Dataset items
◇ ◇ ◇ ◇

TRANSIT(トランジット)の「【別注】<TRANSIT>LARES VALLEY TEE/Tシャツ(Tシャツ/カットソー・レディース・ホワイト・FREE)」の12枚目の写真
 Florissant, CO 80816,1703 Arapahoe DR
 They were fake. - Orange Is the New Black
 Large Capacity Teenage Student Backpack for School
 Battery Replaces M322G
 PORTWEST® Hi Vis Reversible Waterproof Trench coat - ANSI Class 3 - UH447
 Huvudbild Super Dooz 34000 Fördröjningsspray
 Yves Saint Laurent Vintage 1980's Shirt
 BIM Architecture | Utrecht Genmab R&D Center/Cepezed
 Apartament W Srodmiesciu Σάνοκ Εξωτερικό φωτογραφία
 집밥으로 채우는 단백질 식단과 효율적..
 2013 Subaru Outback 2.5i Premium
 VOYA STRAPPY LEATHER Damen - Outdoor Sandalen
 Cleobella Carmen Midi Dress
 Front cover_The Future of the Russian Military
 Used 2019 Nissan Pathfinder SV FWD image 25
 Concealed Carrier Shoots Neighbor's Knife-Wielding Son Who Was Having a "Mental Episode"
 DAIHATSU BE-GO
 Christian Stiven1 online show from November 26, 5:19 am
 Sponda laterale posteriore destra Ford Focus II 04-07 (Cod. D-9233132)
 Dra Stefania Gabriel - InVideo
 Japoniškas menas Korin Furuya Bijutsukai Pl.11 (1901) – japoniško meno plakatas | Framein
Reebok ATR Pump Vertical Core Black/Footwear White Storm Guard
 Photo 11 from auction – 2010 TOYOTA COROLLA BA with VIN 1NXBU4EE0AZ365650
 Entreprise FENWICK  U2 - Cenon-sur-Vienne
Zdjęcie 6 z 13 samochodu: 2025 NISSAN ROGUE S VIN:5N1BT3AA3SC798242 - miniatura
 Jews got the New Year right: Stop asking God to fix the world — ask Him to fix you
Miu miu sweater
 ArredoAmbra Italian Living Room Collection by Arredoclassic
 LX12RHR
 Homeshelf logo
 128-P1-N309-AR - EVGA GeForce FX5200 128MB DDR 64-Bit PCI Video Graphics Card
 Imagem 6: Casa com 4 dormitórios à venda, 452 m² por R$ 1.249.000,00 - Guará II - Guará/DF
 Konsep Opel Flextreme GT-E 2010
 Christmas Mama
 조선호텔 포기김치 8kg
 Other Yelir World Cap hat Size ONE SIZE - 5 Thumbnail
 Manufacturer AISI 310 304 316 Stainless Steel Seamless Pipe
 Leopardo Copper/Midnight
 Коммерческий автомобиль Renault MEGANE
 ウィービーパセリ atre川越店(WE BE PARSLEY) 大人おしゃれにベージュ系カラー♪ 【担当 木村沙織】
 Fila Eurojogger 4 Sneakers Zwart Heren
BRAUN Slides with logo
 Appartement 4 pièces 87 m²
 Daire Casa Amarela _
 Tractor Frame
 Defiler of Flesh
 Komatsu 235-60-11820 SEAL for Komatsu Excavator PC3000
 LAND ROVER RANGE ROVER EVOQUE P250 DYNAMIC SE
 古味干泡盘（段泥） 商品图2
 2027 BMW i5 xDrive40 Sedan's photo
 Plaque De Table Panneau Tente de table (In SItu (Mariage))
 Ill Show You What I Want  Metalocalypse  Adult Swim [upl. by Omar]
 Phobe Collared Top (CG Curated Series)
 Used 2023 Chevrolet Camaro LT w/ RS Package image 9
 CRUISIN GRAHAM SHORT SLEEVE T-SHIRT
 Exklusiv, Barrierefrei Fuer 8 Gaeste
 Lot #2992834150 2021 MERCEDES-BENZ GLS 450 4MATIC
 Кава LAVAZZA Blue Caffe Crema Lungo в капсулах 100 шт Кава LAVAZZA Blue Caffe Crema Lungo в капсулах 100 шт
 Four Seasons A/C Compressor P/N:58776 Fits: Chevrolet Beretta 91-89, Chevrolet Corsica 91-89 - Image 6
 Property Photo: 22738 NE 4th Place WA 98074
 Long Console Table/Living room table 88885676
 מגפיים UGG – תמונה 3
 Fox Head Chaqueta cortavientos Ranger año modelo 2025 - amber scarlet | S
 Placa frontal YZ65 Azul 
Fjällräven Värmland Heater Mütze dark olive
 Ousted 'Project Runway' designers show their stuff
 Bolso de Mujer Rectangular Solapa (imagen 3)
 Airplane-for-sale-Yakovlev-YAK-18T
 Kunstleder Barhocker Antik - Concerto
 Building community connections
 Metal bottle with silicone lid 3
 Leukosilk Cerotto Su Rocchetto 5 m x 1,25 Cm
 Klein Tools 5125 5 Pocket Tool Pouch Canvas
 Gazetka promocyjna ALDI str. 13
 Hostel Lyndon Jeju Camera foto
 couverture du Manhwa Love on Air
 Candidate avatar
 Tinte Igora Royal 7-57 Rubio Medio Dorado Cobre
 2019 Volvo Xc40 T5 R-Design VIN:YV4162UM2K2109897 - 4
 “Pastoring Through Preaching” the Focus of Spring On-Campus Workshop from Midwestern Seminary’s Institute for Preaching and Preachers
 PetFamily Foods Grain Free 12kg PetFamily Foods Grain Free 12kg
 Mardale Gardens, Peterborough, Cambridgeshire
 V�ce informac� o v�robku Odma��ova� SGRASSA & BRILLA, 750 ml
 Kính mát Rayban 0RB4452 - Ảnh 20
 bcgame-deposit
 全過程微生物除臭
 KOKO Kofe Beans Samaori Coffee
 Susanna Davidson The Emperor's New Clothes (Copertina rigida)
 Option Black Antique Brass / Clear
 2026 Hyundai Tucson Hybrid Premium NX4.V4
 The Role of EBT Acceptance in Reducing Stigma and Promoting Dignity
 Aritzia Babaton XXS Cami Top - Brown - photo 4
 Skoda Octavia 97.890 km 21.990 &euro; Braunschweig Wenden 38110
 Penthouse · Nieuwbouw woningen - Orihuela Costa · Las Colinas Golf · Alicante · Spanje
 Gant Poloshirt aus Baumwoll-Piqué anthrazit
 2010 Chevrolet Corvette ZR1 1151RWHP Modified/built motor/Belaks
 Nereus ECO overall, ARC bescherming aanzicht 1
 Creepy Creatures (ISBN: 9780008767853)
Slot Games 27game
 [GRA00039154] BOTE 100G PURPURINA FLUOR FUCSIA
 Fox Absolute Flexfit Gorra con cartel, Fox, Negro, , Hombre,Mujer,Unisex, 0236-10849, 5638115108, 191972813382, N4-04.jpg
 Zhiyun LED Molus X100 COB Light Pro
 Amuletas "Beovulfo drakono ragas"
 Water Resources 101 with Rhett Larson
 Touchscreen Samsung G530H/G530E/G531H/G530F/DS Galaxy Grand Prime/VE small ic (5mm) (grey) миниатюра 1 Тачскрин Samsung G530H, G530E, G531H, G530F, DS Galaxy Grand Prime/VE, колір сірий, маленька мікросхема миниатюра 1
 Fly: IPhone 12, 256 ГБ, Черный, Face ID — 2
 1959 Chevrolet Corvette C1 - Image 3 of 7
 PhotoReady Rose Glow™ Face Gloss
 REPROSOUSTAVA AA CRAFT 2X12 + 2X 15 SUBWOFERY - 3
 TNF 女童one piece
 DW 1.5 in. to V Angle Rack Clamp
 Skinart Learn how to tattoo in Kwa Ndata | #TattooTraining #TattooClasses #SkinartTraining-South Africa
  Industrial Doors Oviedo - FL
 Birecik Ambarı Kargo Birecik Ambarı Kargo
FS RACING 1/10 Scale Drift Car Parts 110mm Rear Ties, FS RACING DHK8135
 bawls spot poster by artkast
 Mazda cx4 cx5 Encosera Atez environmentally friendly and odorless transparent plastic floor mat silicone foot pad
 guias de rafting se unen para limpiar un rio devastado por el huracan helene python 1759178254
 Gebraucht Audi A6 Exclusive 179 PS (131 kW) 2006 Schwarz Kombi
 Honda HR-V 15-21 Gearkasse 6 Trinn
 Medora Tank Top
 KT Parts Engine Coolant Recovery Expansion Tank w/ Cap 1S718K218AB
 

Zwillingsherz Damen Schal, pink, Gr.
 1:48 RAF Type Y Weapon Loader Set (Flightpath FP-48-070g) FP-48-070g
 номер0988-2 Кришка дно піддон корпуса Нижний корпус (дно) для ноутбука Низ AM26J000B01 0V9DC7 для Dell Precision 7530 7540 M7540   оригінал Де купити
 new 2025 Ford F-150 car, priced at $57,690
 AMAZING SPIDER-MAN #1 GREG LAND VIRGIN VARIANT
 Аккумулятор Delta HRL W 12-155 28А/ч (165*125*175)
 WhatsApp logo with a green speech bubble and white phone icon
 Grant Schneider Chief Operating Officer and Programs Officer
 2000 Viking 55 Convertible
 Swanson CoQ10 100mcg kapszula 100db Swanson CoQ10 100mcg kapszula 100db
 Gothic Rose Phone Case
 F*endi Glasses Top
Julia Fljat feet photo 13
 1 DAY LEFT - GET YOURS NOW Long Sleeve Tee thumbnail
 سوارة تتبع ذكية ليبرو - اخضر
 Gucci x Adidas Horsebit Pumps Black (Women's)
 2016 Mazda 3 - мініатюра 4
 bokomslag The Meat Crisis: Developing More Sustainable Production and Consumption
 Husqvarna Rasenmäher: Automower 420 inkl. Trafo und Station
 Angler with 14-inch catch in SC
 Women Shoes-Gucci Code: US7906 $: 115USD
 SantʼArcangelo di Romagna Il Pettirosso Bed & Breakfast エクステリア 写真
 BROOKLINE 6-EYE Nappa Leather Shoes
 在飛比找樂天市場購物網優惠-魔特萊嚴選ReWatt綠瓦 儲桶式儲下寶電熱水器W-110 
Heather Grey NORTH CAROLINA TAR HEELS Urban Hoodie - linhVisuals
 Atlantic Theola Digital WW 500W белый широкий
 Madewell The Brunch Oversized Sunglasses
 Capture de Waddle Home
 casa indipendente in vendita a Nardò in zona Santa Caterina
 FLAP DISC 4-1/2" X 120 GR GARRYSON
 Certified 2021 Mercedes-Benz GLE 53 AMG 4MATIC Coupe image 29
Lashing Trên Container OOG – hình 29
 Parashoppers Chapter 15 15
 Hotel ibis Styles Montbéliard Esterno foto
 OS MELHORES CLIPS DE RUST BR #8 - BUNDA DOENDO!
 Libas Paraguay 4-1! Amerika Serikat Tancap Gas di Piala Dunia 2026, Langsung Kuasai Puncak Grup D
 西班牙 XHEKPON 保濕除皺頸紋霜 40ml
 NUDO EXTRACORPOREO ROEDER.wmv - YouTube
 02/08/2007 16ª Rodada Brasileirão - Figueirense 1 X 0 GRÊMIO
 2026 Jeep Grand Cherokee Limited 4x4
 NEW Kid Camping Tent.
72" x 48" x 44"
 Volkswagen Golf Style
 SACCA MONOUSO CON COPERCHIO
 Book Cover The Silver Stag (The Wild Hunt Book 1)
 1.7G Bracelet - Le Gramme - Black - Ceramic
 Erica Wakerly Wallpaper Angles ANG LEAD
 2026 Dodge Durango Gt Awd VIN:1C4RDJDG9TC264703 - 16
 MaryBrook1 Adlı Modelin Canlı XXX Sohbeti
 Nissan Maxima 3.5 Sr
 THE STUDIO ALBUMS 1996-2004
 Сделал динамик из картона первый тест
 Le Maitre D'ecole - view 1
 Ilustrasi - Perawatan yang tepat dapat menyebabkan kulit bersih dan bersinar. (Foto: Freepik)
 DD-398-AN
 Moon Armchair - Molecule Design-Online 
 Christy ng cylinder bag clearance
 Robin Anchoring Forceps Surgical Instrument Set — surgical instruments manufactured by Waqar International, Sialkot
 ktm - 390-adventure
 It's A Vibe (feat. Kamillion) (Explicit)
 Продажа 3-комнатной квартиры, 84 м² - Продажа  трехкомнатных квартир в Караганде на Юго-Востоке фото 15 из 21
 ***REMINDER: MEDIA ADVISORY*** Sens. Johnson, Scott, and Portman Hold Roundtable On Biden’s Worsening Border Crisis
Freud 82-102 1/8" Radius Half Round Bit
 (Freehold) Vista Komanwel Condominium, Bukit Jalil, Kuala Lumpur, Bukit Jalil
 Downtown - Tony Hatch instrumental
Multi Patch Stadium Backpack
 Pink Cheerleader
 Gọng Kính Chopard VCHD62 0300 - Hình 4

◇ ◇ ◇ ◇

ACTION ITEM |
Of the lines above, show those in which "logo" appears.

OUTPUT FOR THIS TASK |
 Homeshelf logo
BRAUN Slides with logo
 WhatsApp logo with a green speech bubble and white phone icon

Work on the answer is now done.